Sky Deitch ’23 remembers quite clearly the moment they first fell in love with art.
Deitch was in kindergarten, and each member of their class was handed a wooden board, paint, and brushes. In a hallway lined with butcher paper, the students were given the freedom to splatter paint. Chaos ensued as the children scampered through the hallway spreading paint all over their boards, and each other. The result was a mural made from the children’s painted boards, which was displayed outside, above the elementary school’s community garden.
“That’s Portland,” Deitch, who grew up in the Oregon city, says with a laugh. Through gallery curation, Deitch has merged their passions of social change, environmental studies, and the arts. “Art is the most important mechanism for bringing people together. I think that because art is a form of self-expression and communal expression, there’s no limit to what a community can do together with art.”

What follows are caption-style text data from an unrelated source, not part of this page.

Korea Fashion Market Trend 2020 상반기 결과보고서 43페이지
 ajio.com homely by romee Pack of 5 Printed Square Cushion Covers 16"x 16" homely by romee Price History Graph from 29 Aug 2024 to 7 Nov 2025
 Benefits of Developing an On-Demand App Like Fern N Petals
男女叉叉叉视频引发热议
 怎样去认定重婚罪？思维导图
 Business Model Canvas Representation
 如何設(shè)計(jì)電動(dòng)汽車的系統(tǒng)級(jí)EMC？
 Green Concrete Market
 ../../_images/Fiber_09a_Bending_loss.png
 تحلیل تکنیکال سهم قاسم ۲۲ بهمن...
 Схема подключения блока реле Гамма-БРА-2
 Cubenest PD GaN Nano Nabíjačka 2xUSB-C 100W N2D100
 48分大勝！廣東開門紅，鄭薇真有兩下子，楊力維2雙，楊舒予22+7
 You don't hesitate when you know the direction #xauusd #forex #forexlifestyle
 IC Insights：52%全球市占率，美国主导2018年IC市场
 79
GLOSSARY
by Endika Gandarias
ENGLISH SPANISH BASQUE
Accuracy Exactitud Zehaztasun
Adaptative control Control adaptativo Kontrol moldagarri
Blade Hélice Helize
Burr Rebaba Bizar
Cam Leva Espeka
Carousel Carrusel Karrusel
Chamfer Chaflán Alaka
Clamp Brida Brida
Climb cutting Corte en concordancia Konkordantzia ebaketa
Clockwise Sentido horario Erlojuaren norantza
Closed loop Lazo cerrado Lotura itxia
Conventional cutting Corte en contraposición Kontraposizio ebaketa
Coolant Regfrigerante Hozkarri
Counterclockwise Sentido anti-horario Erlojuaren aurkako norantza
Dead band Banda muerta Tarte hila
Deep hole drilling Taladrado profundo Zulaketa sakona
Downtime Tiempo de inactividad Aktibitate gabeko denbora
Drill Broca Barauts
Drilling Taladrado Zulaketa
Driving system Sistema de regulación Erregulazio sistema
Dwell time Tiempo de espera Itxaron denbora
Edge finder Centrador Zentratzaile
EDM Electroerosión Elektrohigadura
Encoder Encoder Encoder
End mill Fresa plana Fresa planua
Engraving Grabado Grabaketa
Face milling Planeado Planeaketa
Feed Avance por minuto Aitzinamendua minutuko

Deitch, a media, culture, and the arts major, is preparing to unveil The Lounge, a community art exhibit housed in the Traina Center for the Arts, which opens March 13. The project is Deitch’s capstone project and culminates a year-and-a-half of work. The gallery features works by roughly 40 artists, including 35 Clark students and five Worcester residents.
Deitch sees The Lounge as a bridge connecting artists to audiences, functioning as both a gallery and a cozy space for community members to hang out and chat.
“I want to make art accessible with this project. The best way to do that is to have fun events, music, and fill the space with life,” Deitch says.
The Lounge will feature sculptures, paintings, mixed-media pieces, and tactile works, including a wire lampshade in the shape of an octopus, a Super 8 film, a three-headed body pillow, and an enormous wooden sculpture resembling a surreal dinner scene that’s made of a repurposed coffee table and suspended from the ceiling. Much of the artwork is touchable or movable, and some pieces, like the body pillow and a bean bag chair, are functional cushions on which visitors can lounge.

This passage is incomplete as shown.